[WHAT IS REQUIRED]
Repeat the whole listing exactly.

[EXTRACTED ENTRIES]
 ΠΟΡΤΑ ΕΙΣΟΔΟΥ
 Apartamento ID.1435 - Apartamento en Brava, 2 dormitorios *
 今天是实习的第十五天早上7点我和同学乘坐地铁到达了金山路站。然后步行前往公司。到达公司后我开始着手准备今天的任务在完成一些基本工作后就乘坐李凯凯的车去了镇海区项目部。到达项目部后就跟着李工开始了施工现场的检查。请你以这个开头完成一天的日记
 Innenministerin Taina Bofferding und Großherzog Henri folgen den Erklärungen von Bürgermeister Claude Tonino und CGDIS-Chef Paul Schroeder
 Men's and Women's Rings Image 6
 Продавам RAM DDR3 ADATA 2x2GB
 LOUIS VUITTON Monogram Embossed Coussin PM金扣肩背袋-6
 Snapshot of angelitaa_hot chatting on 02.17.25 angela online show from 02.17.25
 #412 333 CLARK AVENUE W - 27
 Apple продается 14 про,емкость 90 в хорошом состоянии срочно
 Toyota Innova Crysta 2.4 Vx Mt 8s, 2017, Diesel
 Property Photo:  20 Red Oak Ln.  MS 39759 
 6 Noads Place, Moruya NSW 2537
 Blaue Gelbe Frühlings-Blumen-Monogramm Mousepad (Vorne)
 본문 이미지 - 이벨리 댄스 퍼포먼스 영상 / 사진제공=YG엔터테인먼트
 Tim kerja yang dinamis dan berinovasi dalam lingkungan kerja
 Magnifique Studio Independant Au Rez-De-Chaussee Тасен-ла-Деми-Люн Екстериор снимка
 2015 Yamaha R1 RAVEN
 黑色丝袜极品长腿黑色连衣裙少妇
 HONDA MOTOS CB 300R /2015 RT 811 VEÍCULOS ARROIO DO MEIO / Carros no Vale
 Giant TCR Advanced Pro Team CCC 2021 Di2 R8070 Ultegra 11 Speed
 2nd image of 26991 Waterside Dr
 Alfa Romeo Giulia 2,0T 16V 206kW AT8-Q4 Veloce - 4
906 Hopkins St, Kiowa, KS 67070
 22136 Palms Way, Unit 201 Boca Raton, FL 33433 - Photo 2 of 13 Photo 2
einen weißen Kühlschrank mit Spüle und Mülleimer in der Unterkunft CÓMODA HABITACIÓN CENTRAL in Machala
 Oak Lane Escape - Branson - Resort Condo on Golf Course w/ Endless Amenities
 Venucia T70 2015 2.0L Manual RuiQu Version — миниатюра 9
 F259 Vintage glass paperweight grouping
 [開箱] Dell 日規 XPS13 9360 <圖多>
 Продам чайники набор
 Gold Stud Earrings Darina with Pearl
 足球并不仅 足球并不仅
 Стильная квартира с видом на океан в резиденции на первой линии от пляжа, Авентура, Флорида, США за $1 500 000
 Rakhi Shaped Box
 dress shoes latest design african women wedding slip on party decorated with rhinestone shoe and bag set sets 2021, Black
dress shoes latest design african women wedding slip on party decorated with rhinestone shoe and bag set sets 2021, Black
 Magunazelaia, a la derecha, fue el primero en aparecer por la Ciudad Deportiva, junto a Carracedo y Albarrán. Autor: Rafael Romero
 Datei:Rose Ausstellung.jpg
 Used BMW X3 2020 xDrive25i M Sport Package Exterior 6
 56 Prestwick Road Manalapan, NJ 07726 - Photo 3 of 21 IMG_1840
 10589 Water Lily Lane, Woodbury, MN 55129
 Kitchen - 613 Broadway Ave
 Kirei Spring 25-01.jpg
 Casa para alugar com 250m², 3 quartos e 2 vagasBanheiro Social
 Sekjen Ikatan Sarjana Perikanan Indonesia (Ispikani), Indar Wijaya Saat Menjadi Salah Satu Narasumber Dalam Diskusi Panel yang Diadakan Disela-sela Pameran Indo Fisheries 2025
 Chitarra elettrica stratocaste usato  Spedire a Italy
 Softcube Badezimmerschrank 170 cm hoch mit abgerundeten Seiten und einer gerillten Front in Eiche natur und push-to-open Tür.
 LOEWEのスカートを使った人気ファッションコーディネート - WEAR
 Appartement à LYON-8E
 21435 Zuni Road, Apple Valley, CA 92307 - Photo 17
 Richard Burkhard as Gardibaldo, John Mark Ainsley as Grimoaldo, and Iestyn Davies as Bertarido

[TASK ANSWER]
 ΠΟΡΤΑ ΕΙΣΟΔΟΥ
 Apartamento ID.1435 - Apartamento en Brava, 2 dormitorios *
 今天是实习的第十五天早上7点我和同学乘坐地铁到达了金山路站。然后步行前往公司。到达公司后我开始着手准备今天的任务在完成一些基本工作后就乘坐李凯凯的车去了镇海区项目部。到达项目部后就跟着李工开始了施工现场的检查。请你以这个开头完成一天的日记
 Innenministerin Taina Bofferding und Großherzog Henri folgen den Erklärungen von Bürgermeister Claude Tonino und CGDIS-Chef Paul Schroeder
 Men's and Women's Rings Image 6
 Продавам RAM DDR3 ADATA 2x2GB
 LOUIS VUITTON Monogram Embossed Coussin PM金扣肩背袋-6
 Snapshot of angelitaa_hot chatting on 02.17.25 angela online show from 02.17.25
 #412 333 CLARK AVENUE W - 27
 Apple продается 14 про,емкость 90 в хорошом состоянии срочно
 Toyota Innova Crysta 2.4 Vx Mt 8s, 2017, Diesel
 Property Photo:  20 Red Oak Ln.  MS 39759 
 6 Noads Place, Moruya NSW 2537
 Blaue Gelbe Frühlings-Blumen-Monogramm Mousepad (Vorne)
 본문 이미지 - 이벨리 댄스 퍼포먼스 영상 / 사진제공=YG엔터테인먼트
 Tim kerja yang dinamis dan berinovasi dalam lingkungan kerja
 Magnifique Studio Independant Au Rez-De-Chaussee Тасен-ла-Деми-Люн Екстериор снимка
 2015 Yamaha R1 RAVEN
 黑色丝袜极品长腿黑色连衣裙少妇
 HONDA MOTOS CB 300R /2015 RT 811 VEÍCULOS ARROIO DO MEIO / Carros no Vale
 Giant TCR Advanced Pro Team CCC 2021 Di2 R8070 Ultegra 11 Speed
 2nd image of 26991 Waterside Dr
 Alfa Romeo Giulia 2,0T 16V 206kW AT8-Q4 Veloce - 4
906 Hopkins St, Kiowa, KS 67070
 22136 Palms Way, Unit 201 Boca Raton, FL 33433 - Photo 2 of 13 Photo 2
einen weißen Kühlschrank mit Spüle und Mülleimer in der Unterkunft CÓMODA HABITACIÓN CENTRAL in Machala
 Oak Lane Escape - Branson - Resort Condo on Golf Course w/ Endless Amenities
 Venucia T70 2015 2.0L Manual RuiQu Version — миниатюра 9
 F259 Vintage glass paperweight grouping
 [開箱] Dell 日規 XPS13 9360 <圖多>
 Продам чайники набор
 Gold Stud Earrings Darina with Pearl
 足球并不仅 足球并不仅
 Стильная квартира с видом на океан в резиденции на первой линии от пляжа, Авентура, Флорида, США за $1 500 000
 Rakhi Shaped Box
 dress shoes latest design african women wedding slip on party decorated with rhinestone shoe and bag set sets 2021, Black
dress shoes latest design african women wedding slip on party decorated with rhinestone shoe and bag set sets 2021, Black
 Magunazelaia, a la derecha, fue el primero en aparecer por la Ciudad Deportiva, junto a Carracedo y Albarrán. Autor: Rafael Romero
 Datei:Rose Ausstellung.jpg
 Used BMW X3 2020 xDrive25i M Sport Package Exterior 6
 56 Prestwick Road Manalapan, NJ 07726 - Photo 3 of 21 IMG_1840
 10589 Water Lily Lane, Woodbury, MN 55129
 Kitchen - 613 Broadway Ave
 Kirei Spring 25-01.jpg
 Casa para alugar com 250m², 3 quartos e 2 vagasBanheiro Social
 Sekjen Ikatan Sarjana Perikanan Indonesia (Ispikani), Indar Wijaya Saat Menjadi Salah Satu Narasumber Dalam Diskusi Panel yang Diadakan Disela-sela Pameran Indo Fisheries 2025
 Chitarra elettrica stratocaste usato  Spedire a Italy
 Softcube Badezimmerschrank 170 cm hoch mit abgerundeten Seiten und einer gerillten Front in Eiche natur und push-to-open Tür.
 LOEWEのスカートを使った人気ファッションコーディネート - WEAR
 Appartement à LYON-8E
 21435 Zuni Road, Apple Valley, CA 92307 - Photo 17
 Richard Burkhard as Gardibaldo, John Mark Ainsley as Grimoaldo, and Iestyn Davies as Bertarido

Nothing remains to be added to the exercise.